From: CurtAdams@aol.com
Date: Mon Apr 08 2002 - 18:14:57 MDT
In a message dated 4/8/02 13:44:51, jacques@dtext.com writes:
>Whatever the value we personaly ascribe to such a lifestyle, I don't
>see it as a desirable general target. My argument is not that it is
>not "generally sustainable". It is that much of it really consists in
>cultural tricks meant to readapt oneself, and somehow I feel that this
>should not take so much room in one's life. It seems like one is one's
>own child, and has to care about oneself as such.
I agree in many ways were are psychologically and physically suboptimal
for living in our current environment as happy, fulfulled, long-lived, etc.
individuals. No disagreement there.
>While environment changes and you stay essentially the same, you can
>rely less and less on internal guidance (desire, instinct), and you
>must rely more and more on external guidance, other cultural
>constructs.
I would say we should rely less on genetic guidance and more on memetic
guidance. I'd say they are equivalently internal/external to me - both
are physically inside me, but derive from elsewhere and elsewhen.
>But such
>activities are disconnected from what really matters in your life (if
>anything !). Which makes deep satisfaction elusive.

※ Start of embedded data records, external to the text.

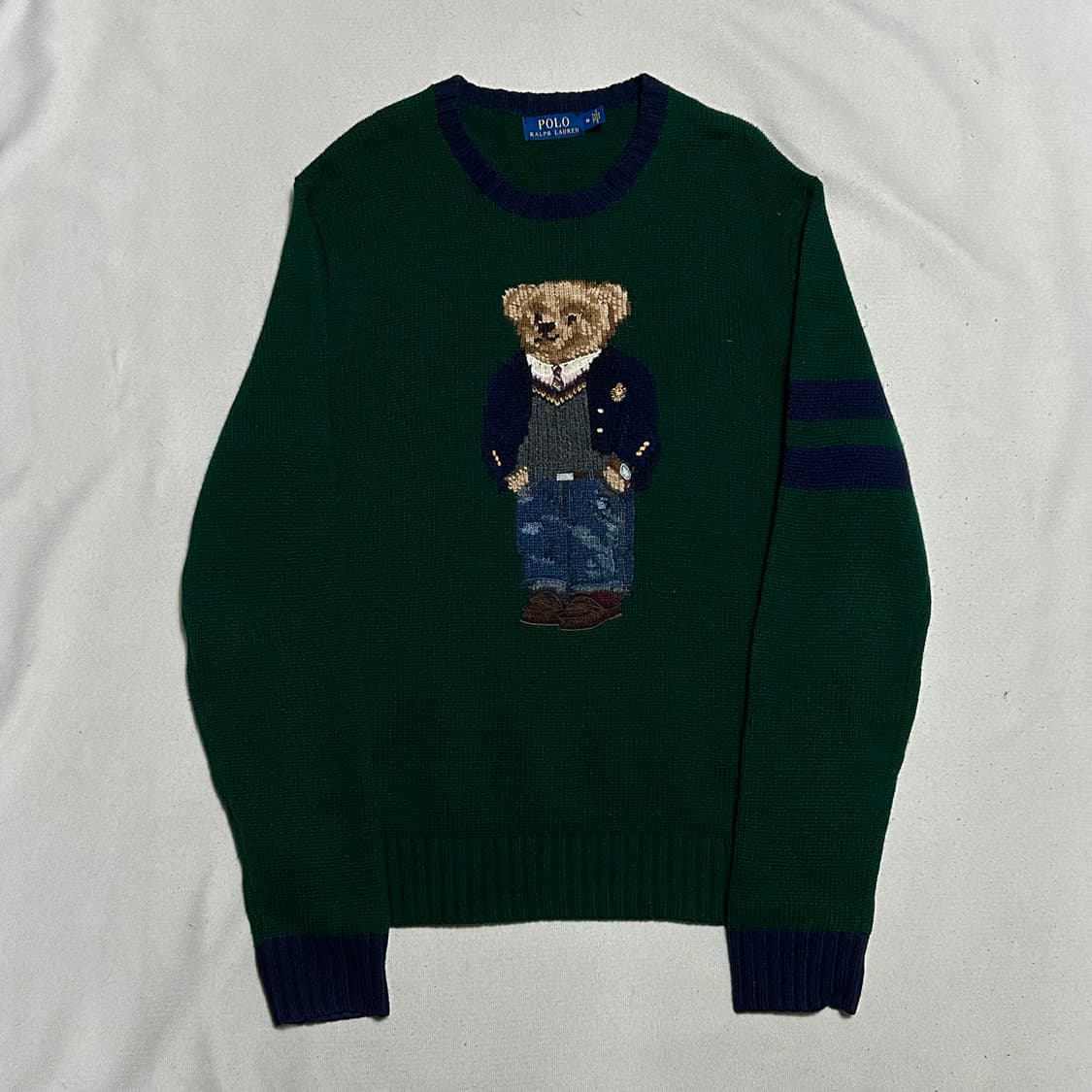 M 폴로랄프로렌 빅베어 울 스웨터 니트 상품이미지2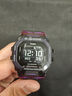 卡西歐（CASIO）小方塊手表男G-SHOCK學(xué)生智能藍牙計步戶(hù)外潛水跑步防水運動(dòng)禮物 GBD-200SM-1A6【東京暮色紫】 曬單實(shí)拍圖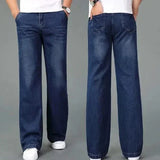 MEN'S FLARE BOOT CUT JEANS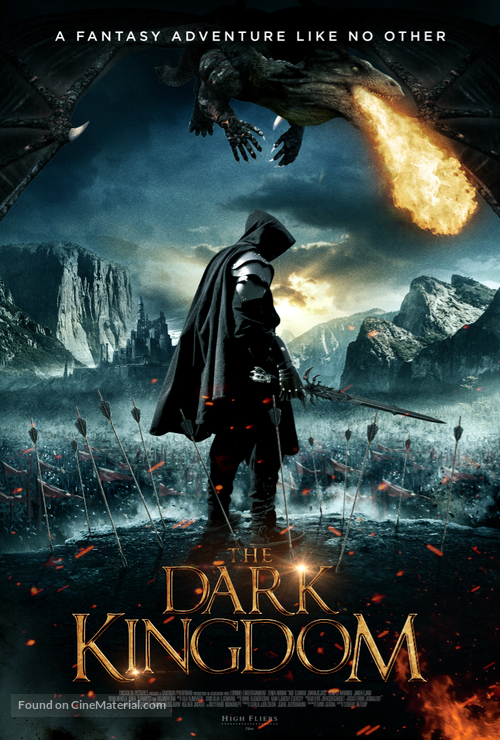 The Dark Kingdom - British Movie Poster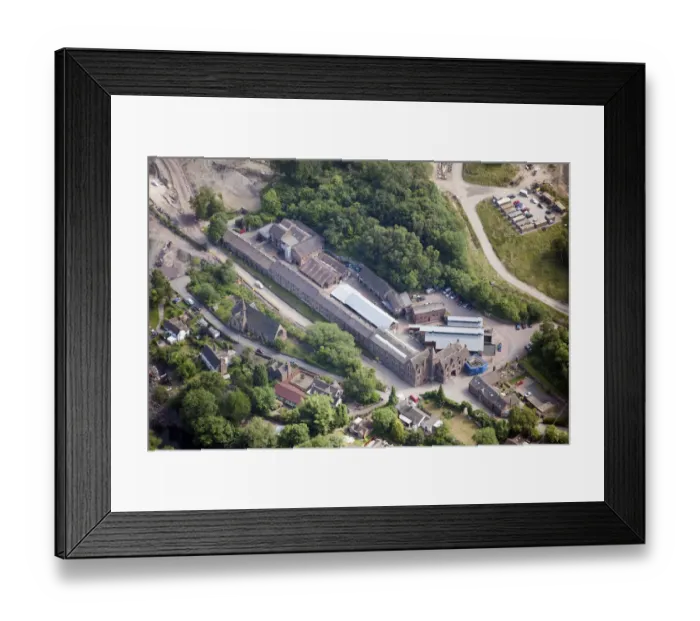 Framed Print : Craven Dunnill Tileworks 28747_025 Framed Print : Craven Dunnill Tileworks 28747_025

This I don't agree with. I don't see why deep satistifaction must rely
on genetic goals with our current getup. In the abstract, our genes
lay out what satisfies us but in the past I don't think they've had reason
to devalue memetic drives. Indeed, since that's what made us so successful
as a species they might overvalue it. Only now is there a strong reason
for genes to devalue memetic input; I expect we will evolve that way
but you and I will not have done so much.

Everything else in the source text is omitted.